I'm working with the qqnorm function in R to generate theoretical quantiles from a dataset of integers. I expected the quantiles calculated by qqnorm and those calculated manually using the quantile formula to be identical for any size of the dataset. However, I found that this is only true for n = 1 and n > 10. Here’s the code I used:
# Define the function to compare quantiles
compare_quantiles <- function(n) {
data <- 1:n
qq_result <- qqnorm(data, plot = FALSE)
theoretical_quantiles_qq_norm <- qq_result$x
theoretical_quantiles_by_hand <- qnorm((1:length(data) - 0.5) / length(data))
# Check if the quantiles are identical
identical_results <- all.equal(theoretical_quantiles_qq_norm, theoretical_quantiles_by_hand)
return(identical_results)
}
# Check for n = 1 to n = 100
results <- sapply(1:100, compare_quantiles)
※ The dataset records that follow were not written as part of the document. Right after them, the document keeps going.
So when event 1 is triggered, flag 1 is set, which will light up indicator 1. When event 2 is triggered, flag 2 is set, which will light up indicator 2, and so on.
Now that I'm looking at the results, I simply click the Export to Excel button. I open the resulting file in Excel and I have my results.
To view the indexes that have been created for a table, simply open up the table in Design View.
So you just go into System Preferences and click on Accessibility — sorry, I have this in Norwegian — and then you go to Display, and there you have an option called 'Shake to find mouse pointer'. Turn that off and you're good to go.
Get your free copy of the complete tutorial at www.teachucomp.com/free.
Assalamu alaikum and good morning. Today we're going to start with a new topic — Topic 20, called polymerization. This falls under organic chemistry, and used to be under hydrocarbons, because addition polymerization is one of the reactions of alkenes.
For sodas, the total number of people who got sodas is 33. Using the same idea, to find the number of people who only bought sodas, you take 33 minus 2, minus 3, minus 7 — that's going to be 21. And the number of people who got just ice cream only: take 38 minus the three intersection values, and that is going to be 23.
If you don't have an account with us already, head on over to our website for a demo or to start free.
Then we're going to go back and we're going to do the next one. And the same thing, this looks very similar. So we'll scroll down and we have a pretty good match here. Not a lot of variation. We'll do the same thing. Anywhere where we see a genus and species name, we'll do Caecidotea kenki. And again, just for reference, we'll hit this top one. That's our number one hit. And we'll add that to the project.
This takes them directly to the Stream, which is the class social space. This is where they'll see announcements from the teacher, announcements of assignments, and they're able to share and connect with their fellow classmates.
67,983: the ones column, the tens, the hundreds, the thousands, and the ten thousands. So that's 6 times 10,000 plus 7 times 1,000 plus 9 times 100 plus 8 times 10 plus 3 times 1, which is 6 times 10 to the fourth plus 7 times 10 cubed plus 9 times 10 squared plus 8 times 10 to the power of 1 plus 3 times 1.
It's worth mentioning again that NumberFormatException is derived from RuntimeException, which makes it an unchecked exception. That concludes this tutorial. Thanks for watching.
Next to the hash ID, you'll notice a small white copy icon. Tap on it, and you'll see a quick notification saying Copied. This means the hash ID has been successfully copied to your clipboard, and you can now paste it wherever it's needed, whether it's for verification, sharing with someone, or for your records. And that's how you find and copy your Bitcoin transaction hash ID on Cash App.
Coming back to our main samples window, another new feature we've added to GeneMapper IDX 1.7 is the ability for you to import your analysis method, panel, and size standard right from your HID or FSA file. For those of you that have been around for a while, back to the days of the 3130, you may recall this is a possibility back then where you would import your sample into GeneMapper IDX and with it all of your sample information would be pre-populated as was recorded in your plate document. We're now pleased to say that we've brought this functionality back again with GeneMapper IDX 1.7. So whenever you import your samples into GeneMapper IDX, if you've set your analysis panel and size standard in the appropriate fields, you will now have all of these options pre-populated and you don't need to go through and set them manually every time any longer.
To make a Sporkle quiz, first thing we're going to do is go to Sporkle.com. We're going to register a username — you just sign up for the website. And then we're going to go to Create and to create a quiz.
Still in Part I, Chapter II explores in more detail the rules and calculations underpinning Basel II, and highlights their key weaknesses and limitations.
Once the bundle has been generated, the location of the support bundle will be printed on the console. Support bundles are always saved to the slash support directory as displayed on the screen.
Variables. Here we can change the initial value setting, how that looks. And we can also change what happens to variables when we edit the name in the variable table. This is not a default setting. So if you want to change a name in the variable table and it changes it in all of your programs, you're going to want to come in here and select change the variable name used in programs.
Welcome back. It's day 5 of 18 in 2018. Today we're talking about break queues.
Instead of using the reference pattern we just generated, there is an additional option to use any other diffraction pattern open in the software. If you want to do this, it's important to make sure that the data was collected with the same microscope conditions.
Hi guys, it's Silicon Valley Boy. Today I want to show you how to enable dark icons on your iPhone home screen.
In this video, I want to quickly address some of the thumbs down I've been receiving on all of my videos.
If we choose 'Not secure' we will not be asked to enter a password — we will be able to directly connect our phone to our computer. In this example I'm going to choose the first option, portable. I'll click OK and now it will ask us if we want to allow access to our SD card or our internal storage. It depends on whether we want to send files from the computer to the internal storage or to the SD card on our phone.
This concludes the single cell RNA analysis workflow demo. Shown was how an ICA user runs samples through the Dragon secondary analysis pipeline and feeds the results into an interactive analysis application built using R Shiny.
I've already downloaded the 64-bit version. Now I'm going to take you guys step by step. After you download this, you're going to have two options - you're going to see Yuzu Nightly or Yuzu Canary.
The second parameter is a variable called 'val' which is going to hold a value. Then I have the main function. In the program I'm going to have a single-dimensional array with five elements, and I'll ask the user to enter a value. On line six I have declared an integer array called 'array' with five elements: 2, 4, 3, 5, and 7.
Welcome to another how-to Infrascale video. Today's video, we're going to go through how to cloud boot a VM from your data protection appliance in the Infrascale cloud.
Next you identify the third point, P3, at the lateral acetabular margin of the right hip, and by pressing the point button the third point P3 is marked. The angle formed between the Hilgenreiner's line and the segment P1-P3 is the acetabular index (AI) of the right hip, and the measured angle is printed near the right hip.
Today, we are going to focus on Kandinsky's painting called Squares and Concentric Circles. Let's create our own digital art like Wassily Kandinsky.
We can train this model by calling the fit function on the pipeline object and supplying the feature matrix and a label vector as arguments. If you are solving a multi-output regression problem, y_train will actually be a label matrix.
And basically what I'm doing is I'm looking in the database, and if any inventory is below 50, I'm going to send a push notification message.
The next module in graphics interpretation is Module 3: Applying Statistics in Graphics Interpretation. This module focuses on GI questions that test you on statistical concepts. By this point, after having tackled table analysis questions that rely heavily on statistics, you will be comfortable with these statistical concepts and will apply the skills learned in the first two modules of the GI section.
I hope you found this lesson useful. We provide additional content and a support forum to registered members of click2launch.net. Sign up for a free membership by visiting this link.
If you look at the code for qqnorm
, you'll find the line
x <- qnorm(ppoints(n))[order(order(y))]
So rather than using (1:length(data) - 0.5) / length(data)
as you do, it uses this helper function. The ppoints
function is defined as
function (n, a = if (n <= 10) 3/8 else 1/2)
{
if (length(n) > 1L)
n <- length(n)
if (n > 0)
(1L:n - a)/(n + 1 - 2 * a)
else numeric()
}
If you bring up the helper function documentation with ?ppoints
. It points out
The choice of
a
follows the documentation of the function of the same name in Becker et al (1988), and appears to have been motivated by results from Blom (1958) on approximations to expect normal order statistics (see also quantile).
So the function is designed to work differently for values of N less that 10 presumably because of the better statistical properties described in the referenced sources. Presumably an adjustment for small sample sizes.